Dataset entries:
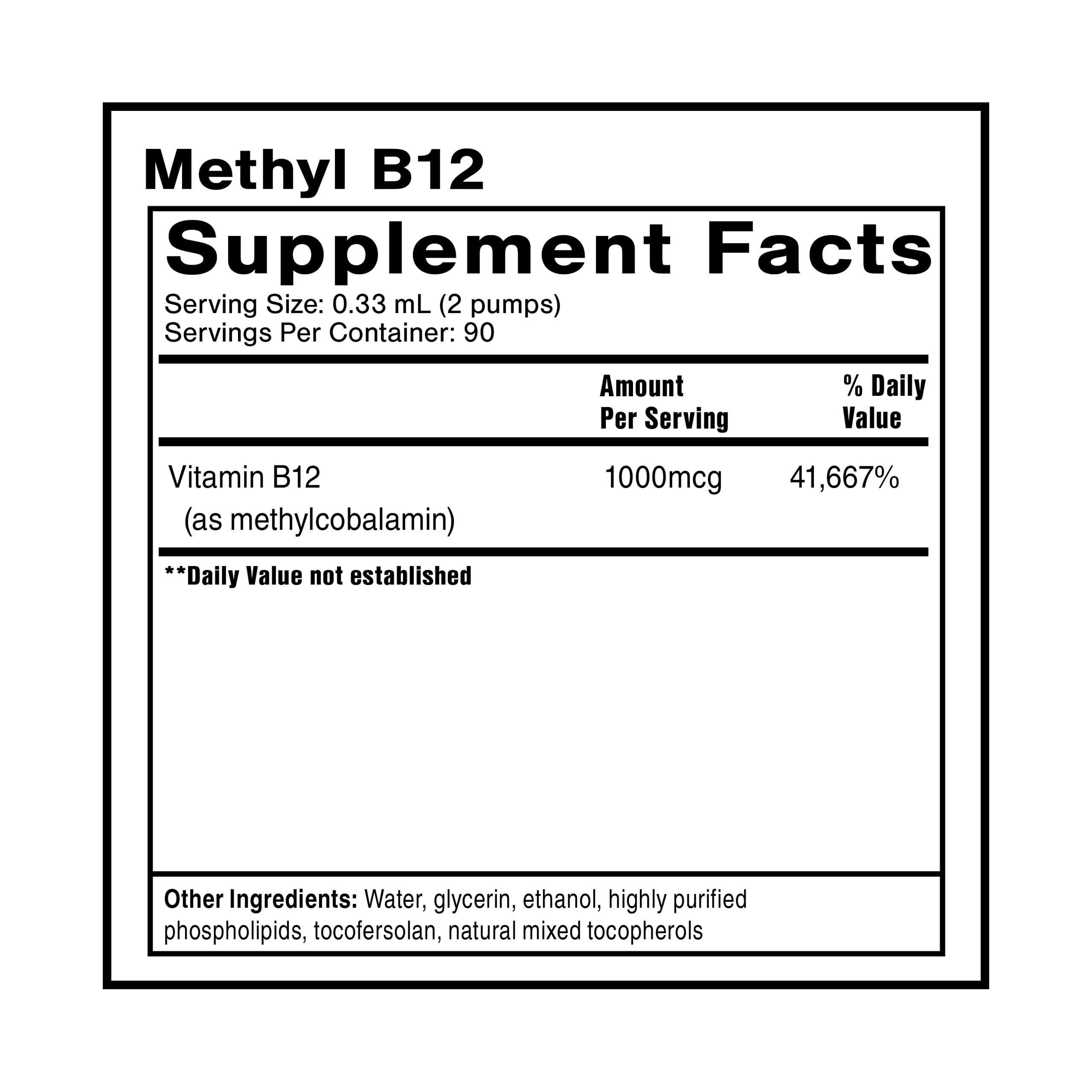 Quicksilver Scientific Methyl B12 dropper shown for precise dosing and quick delivery
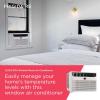 imageFrigidaire 8000 BTU Window Air Conditioner with Remote Control Cools Up to 350 Sq Ft Quiet Operation Eco Mode 3 Fan Speeds Auto Restart White12 000 BTU Electronic Controls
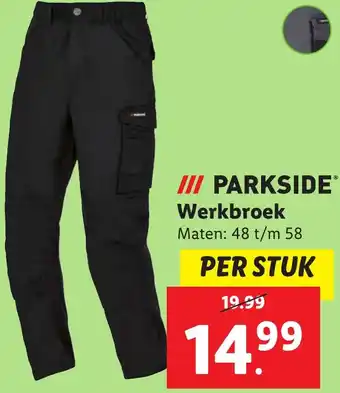 Lidl Werkbroek aanbieding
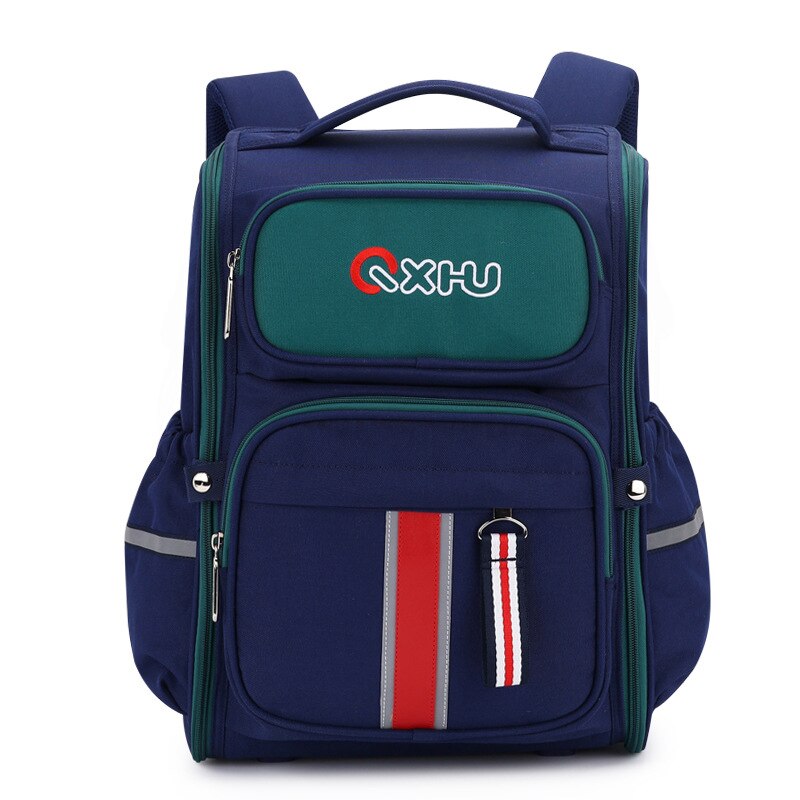 Grades 1-3-6 Collapsible Student Backpacks Children's Lightweight Cute Cartoons School Bag Kids Orthopedic School Backpack: Blue Green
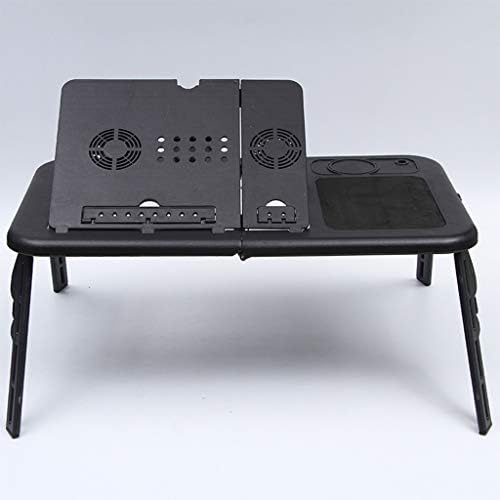 PROTAURİ Siyah Multi Tasking Laptop Yatak Tepsi-ısı dağılımı Lap Masası-Katlanır TV Tepsi Masa-Smartphone Tablet Lap Tepsi-Ödev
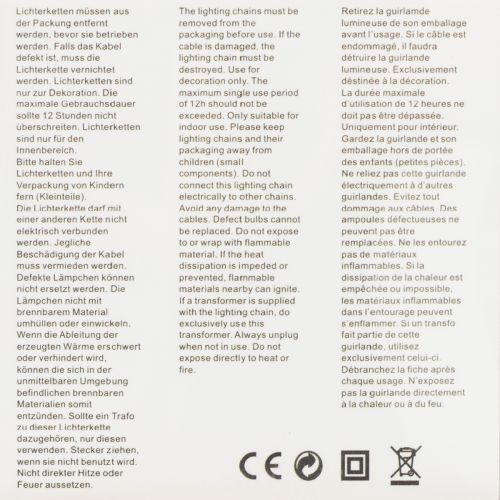 Produkt Lampki choinkowe LED, 50 żarówek, zasilane bateriami, 5 m, ciepła biel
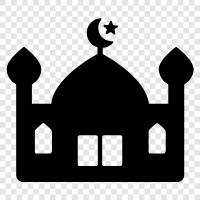 Islamische, islamische Architektur, Moschee Gebäude, Moschee Design symbol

Task to complete: Produce the entries above once more, exactly as given, with each picture left out.

Solved problem:
 Quicksilver Scientific Methyl B12 dropper shown for precise dosing and quick delivery
 imageFrigidaire 8000 BTU Window Air Conditioner with Remote Control Cools Up to 350 Sq Ft Quiet Operation Eco Mode 3 Fan Speeds Auto Restart White12 000 BTU Electronic Controls
 Lidl Werkbroek aanbieding
 Grades 1-3-6 Collapsible Student Backpacks Children's Lightweight Cute Cartoons School Bag Kids Orthopedic School Backpack: Blue Green
 PROTAURİ Siyah Multi Tasking Laptop Yatak Tepsi-ısı dağılımı Lap Masası-Katlanır TV Tepsi Masa-Smartphone Tablet Lap Tepsi-Ödev
 Produkt Lampki choinkowe LED, 50 żarówek, zasilane bateriami, 5 m, ciepła biel
 Islamische, islamische Architektur, Moschee Gebäude, Moschee Design symbol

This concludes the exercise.